And if you have a very short sequence, remember when we read DNA
sequences we're only reading a few hundred base pairs at a time, so,
it's not unusual to get a sequence which consists entirely of repeats.
And that means we don't really know where it came from,
because repeats occur all over the genome.
So there's also structures of RNA that are important to understand.
So a typical human messenger RNA,
which is what we get our proteins from, looks like this.
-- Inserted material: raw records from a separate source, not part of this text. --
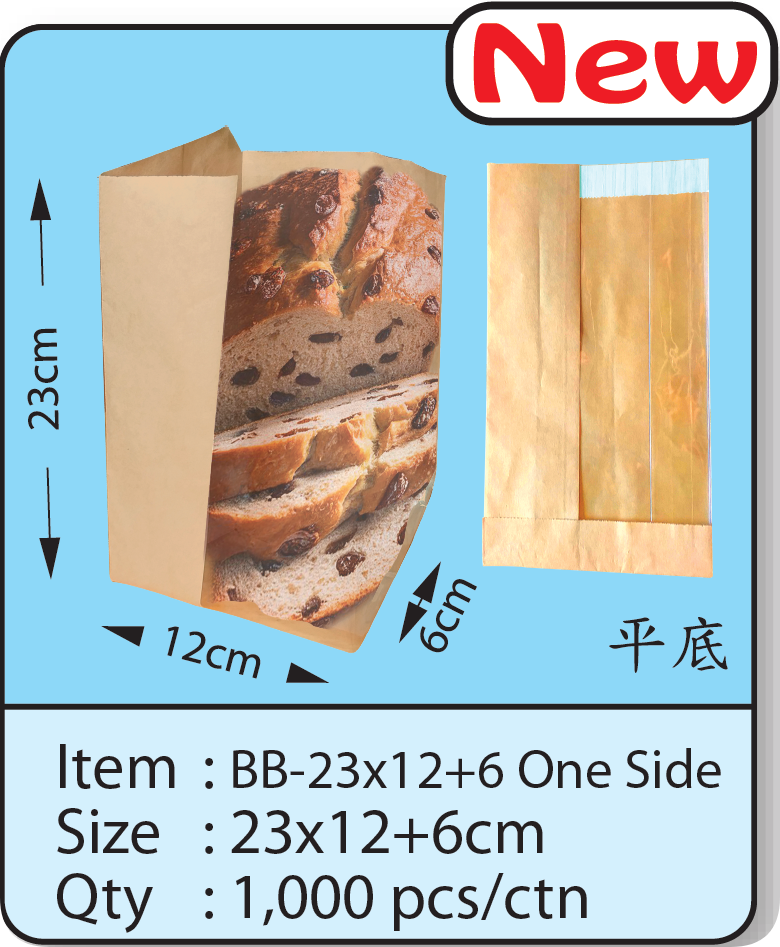 BB-23x12+6 One Side Kraft.png
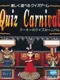Cookie's Quiz Carnival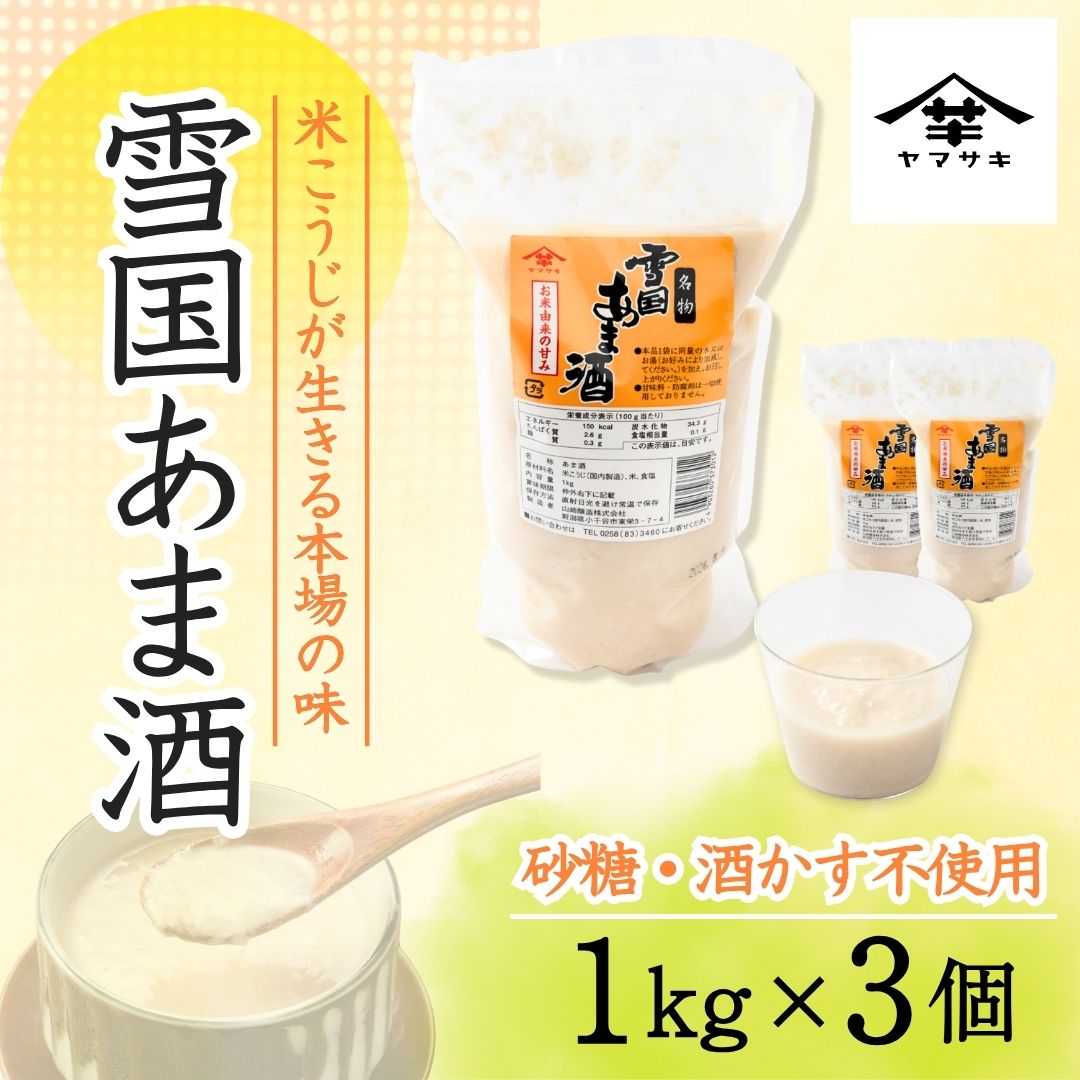 雪国あま酒 (1kg×3個入) ノンアルコール 甘酒 あまざけ 山崎醸造 【0002-0239-01】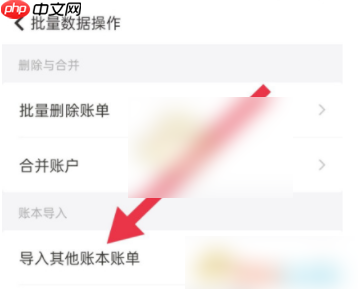 随手记账软件怎么办理账单 随手记导入账单方法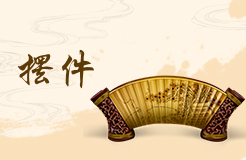 文昌塔摆放风水禁忌 文昌塔摆放注意事项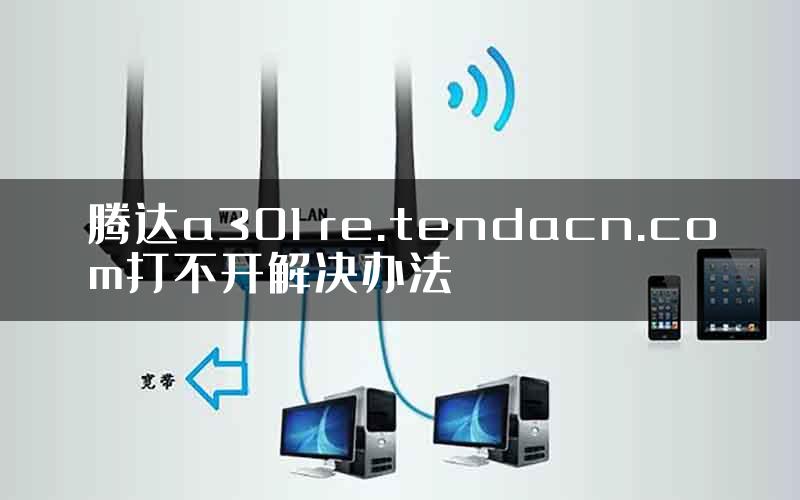 腾达a301 re.tendacn.com打不开解决办法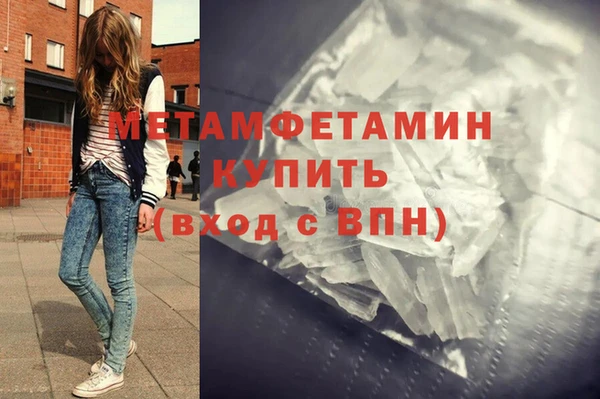бошки Белокуриха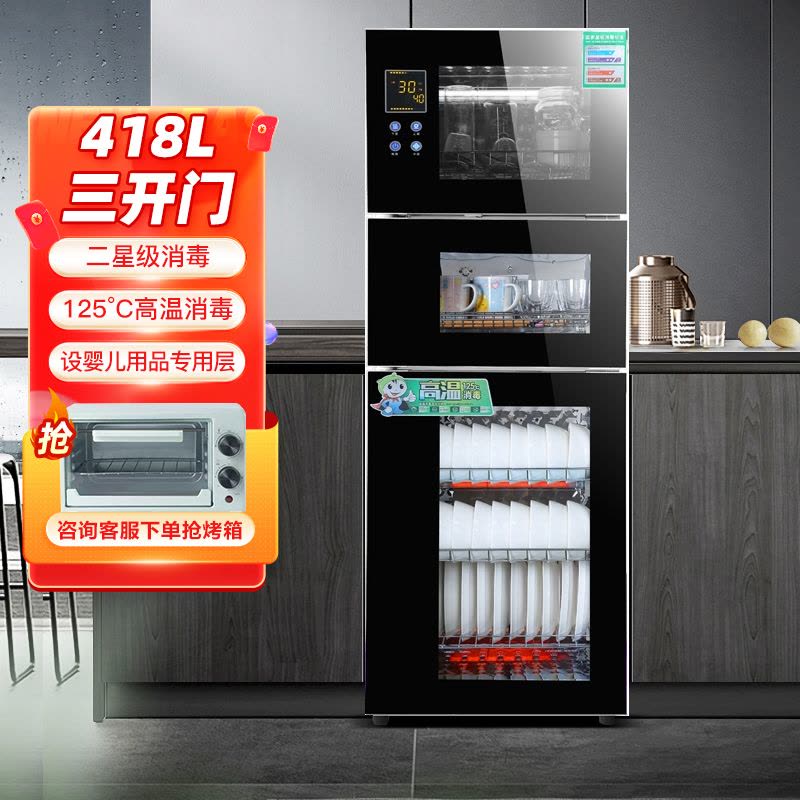 欢呼好太太 418L消毒柜家用大容量三开门商用厨房食堂二星级紫外线臭氧高温幼儿园口杯婴儿玩具家庭毛巾碗筷消毒碗柜图片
We have some sequence which is shown in green which is the coding sequence.
And sometimes when we talk about MRNA or
RNA we're only talking about what encodes proteins, that's just the green part.
But it's important to understand that actually the part that copied from
the DNA, the transcribed portion of the DNA which goes into messenger RNA
is longer than that.
So, typically you'll have some stretch at the beginning of the, of the messenger RNA
that's not translated, and we call that the UTR or untranslated region.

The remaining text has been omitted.